It was the middle of a heatwave, and on top of that, my hand was stuck in a splint. Cooking anything remotely complicated was out of the question, but I still wanted something good.
Pan con tomate was the obvious answer. The simpler the recipe, the better it usually turns out – and this one barely counts as cooking at all.
Normally I grate the tomato by hand, but with one hand out of commission that wasn’t happening, so everything went straight into the blender instead – garlic, basil, olive oil, salt, tomato, all at once. The result was ridiculously good: deep, savoury, almost meaty umami, with barely any effort.

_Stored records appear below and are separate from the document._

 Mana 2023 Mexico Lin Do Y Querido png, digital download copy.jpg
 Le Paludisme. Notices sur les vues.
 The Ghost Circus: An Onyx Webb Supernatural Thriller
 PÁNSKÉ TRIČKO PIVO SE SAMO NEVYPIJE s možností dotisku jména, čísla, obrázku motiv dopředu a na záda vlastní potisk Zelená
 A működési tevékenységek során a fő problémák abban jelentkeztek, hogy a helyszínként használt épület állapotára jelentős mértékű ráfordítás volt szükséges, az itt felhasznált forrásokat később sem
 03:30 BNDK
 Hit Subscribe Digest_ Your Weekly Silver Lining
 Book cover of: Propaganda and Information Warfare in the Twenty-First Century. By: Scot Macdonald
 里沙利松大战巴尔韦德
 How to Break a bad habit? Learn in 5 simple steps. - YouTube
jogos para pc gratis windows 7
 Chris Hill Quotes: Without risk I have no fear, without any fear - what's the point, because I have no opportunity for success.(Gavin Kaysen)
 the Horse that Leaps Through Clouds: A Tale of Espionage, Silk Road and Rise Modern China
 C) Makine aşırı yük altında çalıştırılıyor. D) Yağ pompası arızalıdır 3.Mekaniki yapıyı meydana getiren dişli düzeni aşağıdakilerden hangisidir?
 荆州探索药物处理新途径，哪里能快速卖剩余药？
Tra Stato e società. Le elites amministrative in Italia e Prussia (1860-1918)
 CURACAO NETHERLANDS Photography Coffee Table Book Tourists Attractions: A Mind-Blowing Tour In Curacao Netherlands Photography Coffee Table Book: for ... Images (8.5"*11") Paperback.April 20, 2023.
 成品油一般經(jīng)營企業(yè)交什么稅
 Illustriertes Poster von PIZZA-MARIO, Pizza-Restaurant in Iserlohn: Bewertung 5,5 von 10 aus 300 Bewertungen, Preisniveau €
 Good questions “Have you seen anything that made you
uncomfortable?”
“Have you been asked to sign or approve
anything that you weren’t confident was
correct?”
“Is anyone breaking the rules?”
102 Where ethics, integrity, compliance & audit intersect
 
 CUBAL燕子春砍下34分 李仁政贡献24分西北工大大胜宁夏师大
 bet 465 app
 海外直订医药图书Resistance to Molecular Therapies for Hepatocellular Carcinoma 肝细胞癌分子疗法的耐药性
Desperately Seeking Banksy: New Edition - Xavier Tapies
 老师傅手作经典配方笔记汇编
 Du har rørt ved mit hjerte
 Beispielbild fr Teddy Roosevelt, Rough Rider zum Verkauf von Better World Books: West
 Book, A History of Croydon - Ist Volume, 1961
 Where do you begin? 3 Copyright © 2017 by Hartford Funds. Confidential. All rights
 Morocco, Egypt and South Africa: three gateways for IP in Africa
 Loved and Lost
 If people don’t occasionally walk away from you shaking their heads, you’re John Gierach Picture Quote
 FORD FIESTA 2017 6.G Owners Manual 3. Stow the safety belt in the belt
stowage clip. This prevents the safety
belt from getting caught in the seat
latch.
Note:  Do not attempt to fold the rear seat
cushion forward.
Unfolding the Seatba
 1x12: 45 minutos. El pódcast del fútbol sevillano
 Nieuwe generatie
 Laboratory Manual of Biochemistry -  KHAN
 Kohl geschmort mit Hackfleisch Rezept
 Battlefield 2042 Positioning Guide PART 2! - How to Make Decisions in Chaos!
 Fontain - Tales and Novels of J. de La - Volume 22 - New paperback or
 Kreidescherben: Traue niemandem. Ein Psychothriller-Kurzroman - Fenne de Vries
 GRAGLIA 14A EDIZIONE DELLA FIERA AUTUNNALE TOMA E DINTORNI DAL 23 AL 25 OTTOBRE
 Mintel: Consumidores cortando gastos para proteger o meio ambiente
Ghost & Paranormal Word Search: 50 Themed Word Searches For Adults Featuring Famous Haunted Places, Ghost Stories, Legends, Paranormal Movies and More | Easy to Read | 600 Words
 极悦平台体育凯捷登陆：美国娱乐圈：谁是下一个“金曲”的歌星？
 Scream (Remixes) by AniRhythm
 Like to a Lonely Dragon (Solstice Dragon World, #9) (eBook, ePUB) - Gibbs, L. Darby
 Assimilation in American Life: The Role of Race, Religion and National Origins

Lazy Pan con Tomate – About the dish
Pan con tomate, or pa amb tomàquet in Catalan, is one of Spain’s most beloved simple pleasures: toasted bread rubbed or topped with ripe tomato, good olive oil, and a bit of salt. It’s a breakfast staple, a tapas classic, and the base of countless bocadillos across the country.
The traditional method calls for rubbing bread with a halved tomato and a garlic clove, then finishing with oil and salt. This version cheats a little by blending everything together instead, including a handful of basil, which isn’t traditional but adds a fresh, herby lift that works surprisingly well.
Lazy Pan con Tomate – Recipe
Ingredients – Advice & key points
- Tomatoes: Use the ripest, most flavourful tomatoes you can find – they’re really the whole dish here. Room temperature tomatoes taste sweeter and more fragrant than cold ones.
- Olive oil: Go for a good quality extra virgin olive oil. It gets blended right into the mix, so its flavour really shows.
- Garlic: One raw clove is enough to season the whole batch once blended. Use less if you’re sensitive to raw garlic, or add a second clove if you love a stronger punch.
- Basil: Not traditional, but a nice twist – it adds a fresh, slightly peppery note. Feel free to leave it out for a purist version.
- Salt: Add it in pinches and taste as you go – tomatoes vary a lot in natural sweetness and acidity.
- Bread: Any type would do, but ideally go for a sturdy country loaf or sourdough. It needs to hold up to a juicy topping without turning to mush.
Recipe – Advice & key points
- Blend instead of grate: Traditionally the tomato is grated by hand, but blending everything together works just as well and is much faster – especially handy one-handed.
- Toast your bread properly: A light toast won’t cut it – go for a deep, sturdy golden-brown so the bread doesn’t turn soggy once topped.
- Assemble just before eating: The tomato mixture is juicy, so top your toast right before serving rather than letting it sit.
- Taste before serving: Adjust salt and oil at the end – a good pinch of salt really brings out the tomato’s natural sweetness.
- Keep it simple: This is not a recipe to overthink. The less you fuss over it, the better it turns out.
Even with one hand out of action, this came together in about five minutes flat, proof that some of the best things really are the simplest.
Enjoy !
Lazy Pan con Tomate
Description
A one-hand-friendly, blender shortcut to the Spanish classic: ripe tomatoes, olive oil, garlic, and basil blitzed together and piled onto well-toasted bread. Ready in about 10 minutes.
Ingredients
Instructions
Blend the topping
Add the tomatoes, olive oil, garlic, basil leaves, and salt to a blender. Blend until smooth.
Toast the bread
Toast the bread slices until deeply golden and crisp, so they hold up to the juicy topping.
Assemble and serve
Spoon the tomato mixture generously over the toasted bread and serve immediately.